Ty Hobson-Powell, B.A. ’11

Ty Hobson and University of Baltimore President Kurt Schmoke
Photo of Ty Hobson and University of Baltimore President Kurt Schmoke by Kevin Parisi

BIO

  • B.A. ’11, Yale Gordon College of Arts and Sciences
  • Youngest person to graduate from The University of Baltimore
  • Community leader and advocate
  • Thrives at the intersection of people, policy and trust

I received my bachelor’s degree at 15 from The University of Baltimore. When people ask what shaped my voice, my discipline, and my sense of public purpose, I do not give an abstract answer. I point to UBalt, and to a campus that treated a young student not as a curiosity but as someone expected to rise to the moment.

UBalt gave me rigor without pretense. It understands what ambition looks like in real life, especially for students balancing work, family, and community obligations. In my classrooms, ideas were not handled like ornaments. They were handled like tools. Professors pushed me to write with clarity, argue with precision, and interrogate power with evidence. UBalt trained me to connect theory to practice and to translate complex systems into language people can use.

The University of Baltimore also gave me belonging at a formative time.
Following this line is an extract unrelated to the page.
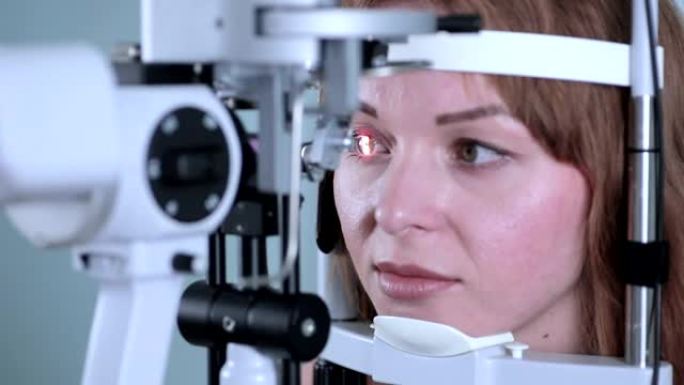用现代医疗设备检查眼睛的年轻女子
Being a teenager in college meant navigating expectations built for someone older, without the usual cues or safety nets. UBalt created room for me to grow into the work and be stretched by it. Baltimore became part of my education, a living classroom in resilience, inequity, culture, and civic leadership. It kept my learning close to real people and real stakes, and it taught me to respect lived experience as a form of expertise.
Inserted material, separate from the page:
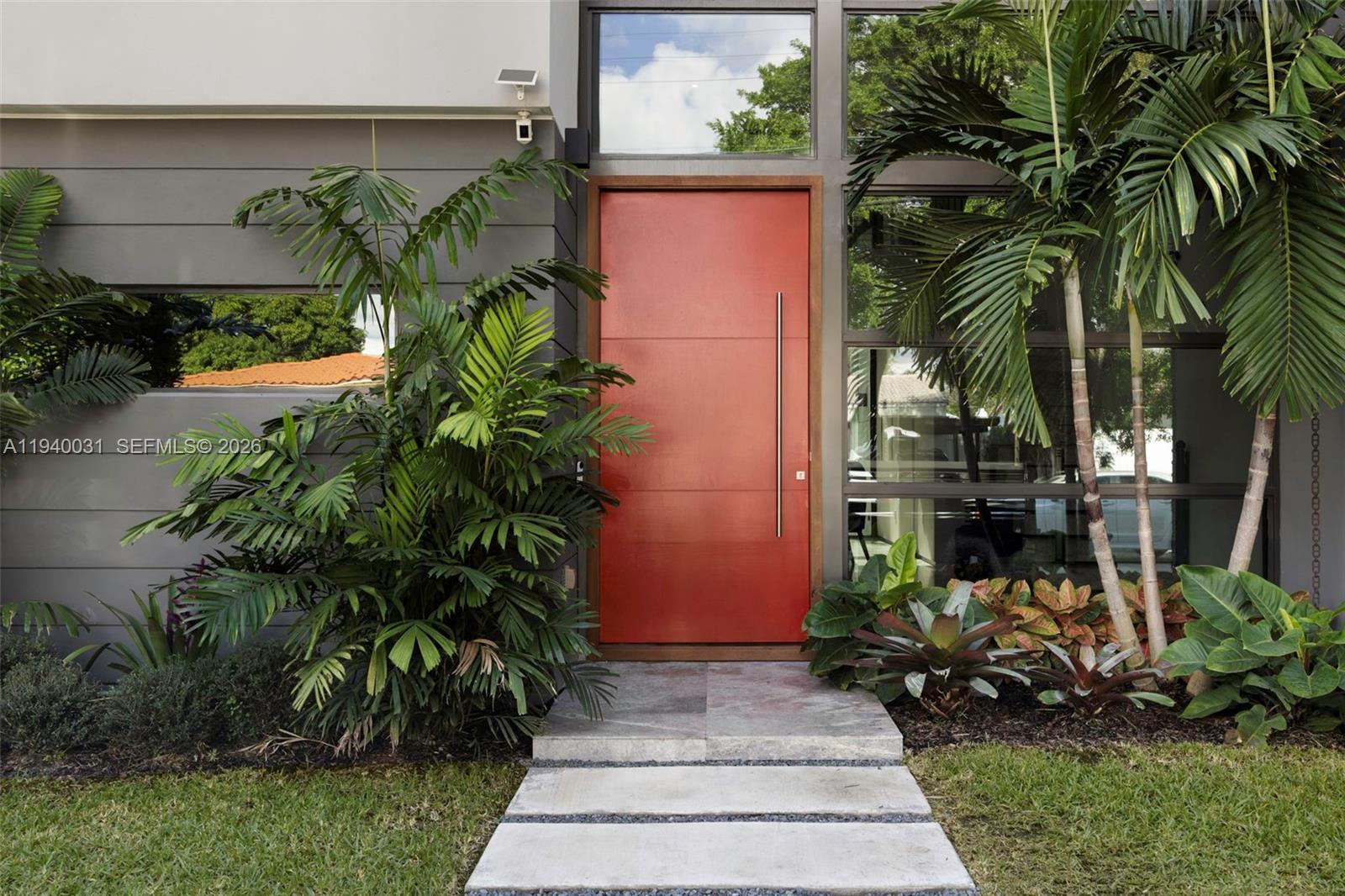 2990 SW 20th St Miami, FL 33145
That grounding has stayed with me as I have served. As outreach and wellness officer at D.C. Medicaid. As manager of the mail-in ballot processing division for the District of Columbia Board of Elections. As civic engagement coordinator for the University of the District of Columbia. Throughout my professional journey, I have held roles that sit at the intersection of policy, people, and trust. I focus on how government communicates with residents, how we show up for community, and how we build a culture that sustains the work. The habits UBalt sharpened are central to what I do every day.

Beyond government, UBalt helped mold me into someone who speaks and organizes with purpose. I spoke at the March on Washington. I have delivered guest lectures on justice and equity at colleges and universities, translating lived experience into frameworks that help students move from concern to capacity. I serve on the executive board of the D.C. Fair Budget Coalition because budgets are moral documents, and communities deserve to see values reflected in numbers. I have also participated in direct actions and mutual aid projects because change sometimes requires more than permission. For The University of Baltimore’s Centennial, I celebrate a University that makes room for uncommon journeys and then demands excellence within them. UBalt did not just help me earn a degree. It helped me become a public servant, a master communicator, and a fierce advocate who knows how to do the work and stand in the work. That is a legacy worth honoring, and worth extending for the next hundred years.